基于激光干涉法的CO2气体压力测量

气体压力无接触式测量，是激光技术应用的重要研究方向。为解决气体压力测量过程中的溯源问题，设计了一种基于激光干涉技术的压力测量方法，通过洛伦兹-洛伦茨方程、气体状态方程和光程差方程的理论研究，建立了基于光程差的压力测量模型，将压力测量问题追溯到光程变化量上。并以CO2为研究对象，搭建压力测量实验系统，开展了293K，313K，333K温度条件下，压力范围为1~3atm的压力测量实验。实验结果显示：压力测量值与实际值有较高的吻合度，相对误差在5%以内，证明压力测量溯源模型的正确性。
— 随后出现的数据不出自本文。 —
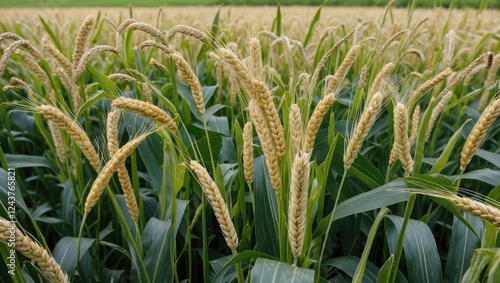 Ripening Grain Field With Lush Green Foliage And Ample Space For Text Addition Against A Blurred Horizon In The Background photo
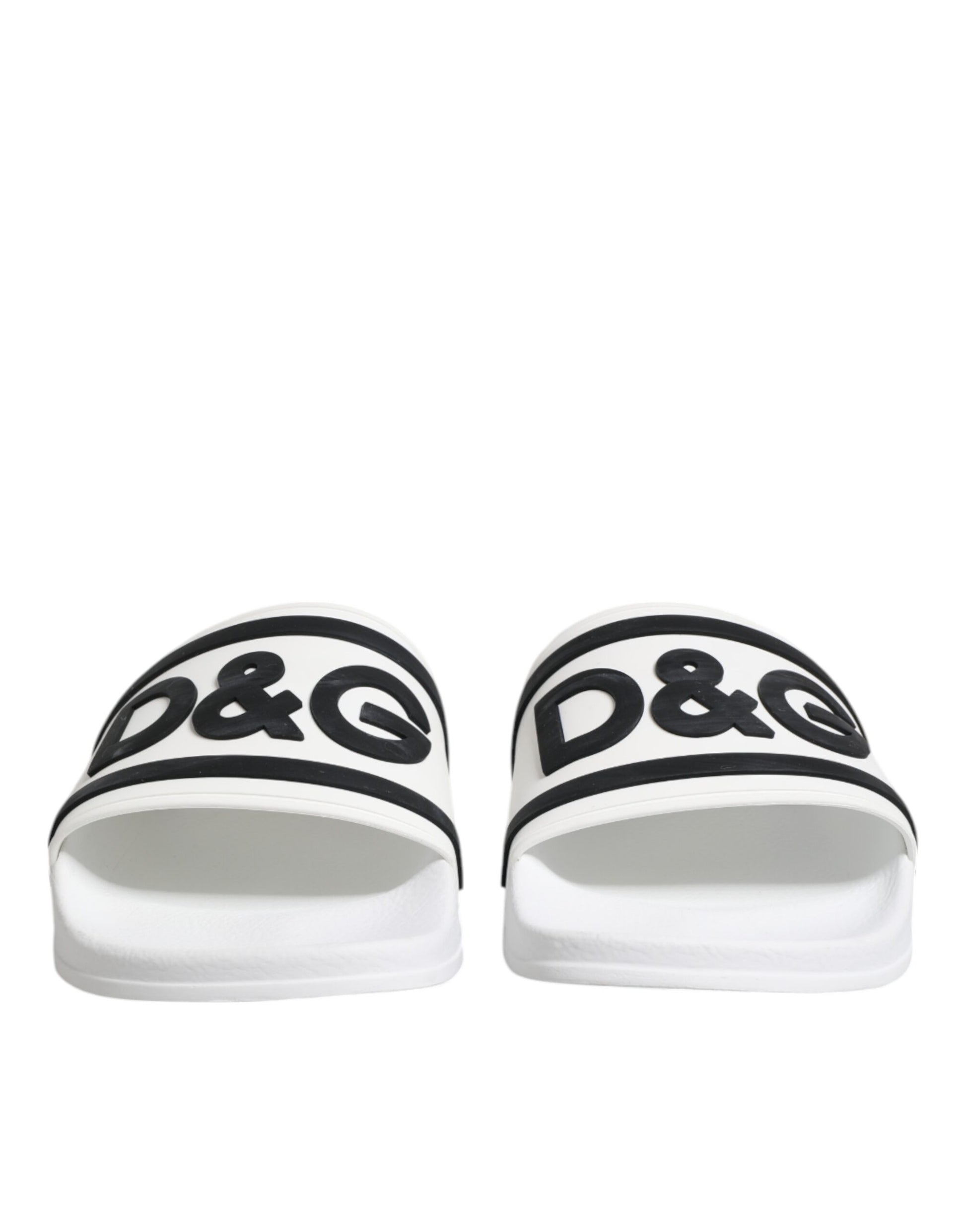 White DG Logo Slides Sandals Beachwear Shoes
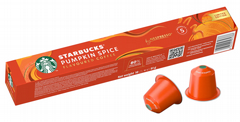 10 קפסולות קפה Starbucks אלומיניום תואמות נספרסו בטעם גינגר אגוז מוסקט וקינמון Pumpkin Spice חוזק 5 10 קפסולות קפה Starbucks אלומיניום תואמות נספרסו בטעם גינגר אגוז מוסקט וקינמון Pumpkin Spice חוזק 5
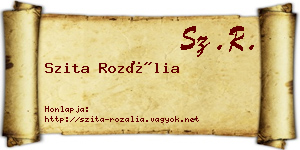 Szita Rozália névjegykártya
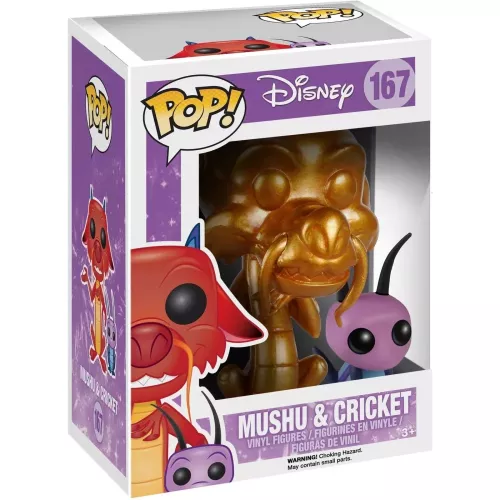 Funko Pop! Mushu & Cricket #167 Gold Disney Vinyl Figure Box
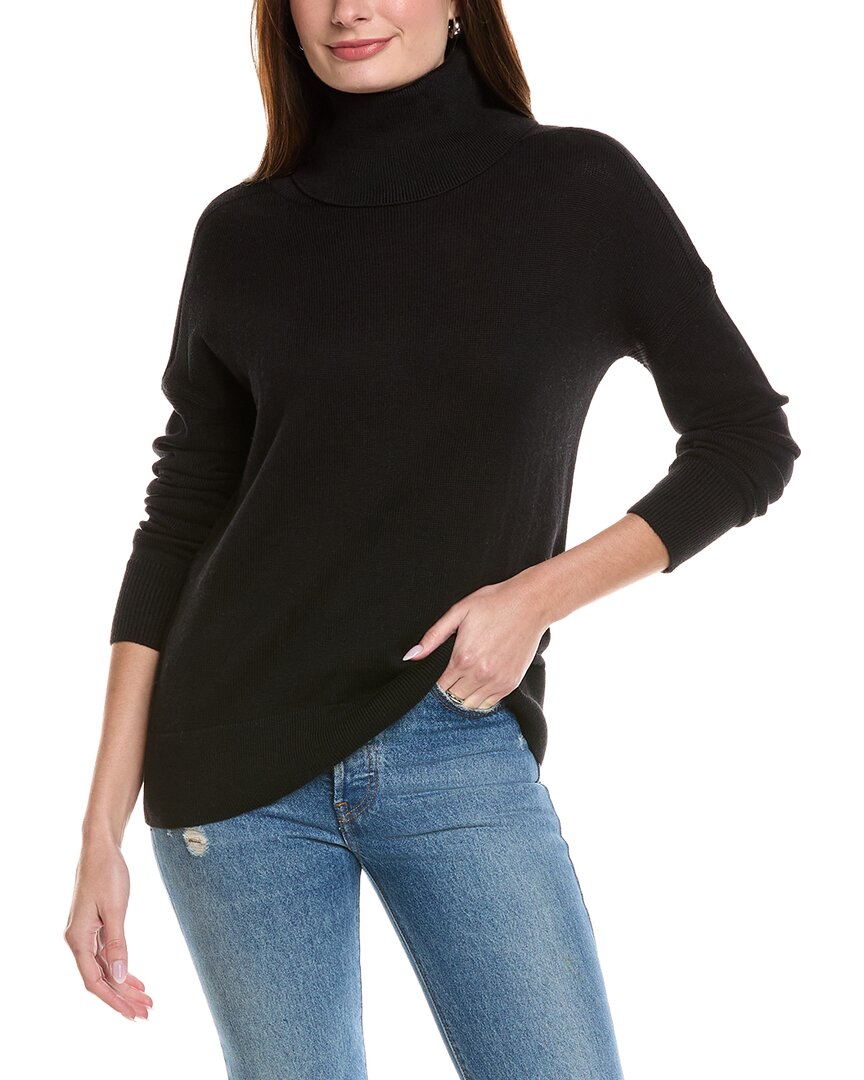 Hannah Rose Boxy Turtleneck Cashmere-Blend Sweater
CO2 Gas Pressure Measurement Based on Laser Interferometry

The non-contact measurement of gas pressure is an important research direction in the application of laser technology. In order to solve the problem of traceability in the process of gas pressure measurement, a pressure measurement method based on laser interference technology is designed. Through the theoretical research of the Lorentz-Lorenz equation, the gas state equation and the optical path difference equation, a pressure measurement model based on the optical path difference is established, and the pressure measurement problem is traced back to the optical path difference. With CO2 as the research object, a pressure measurement experiment system was built to carry out pressure measurement experiments with a pressure range of 1~3atm under the conditions of 293K, 313K, and 333K. The experimental results show that the pressure measurement value is in good agreement with the actual value, and the relative error is within 5%, which proves the correctness of the pressure measurement traceability model.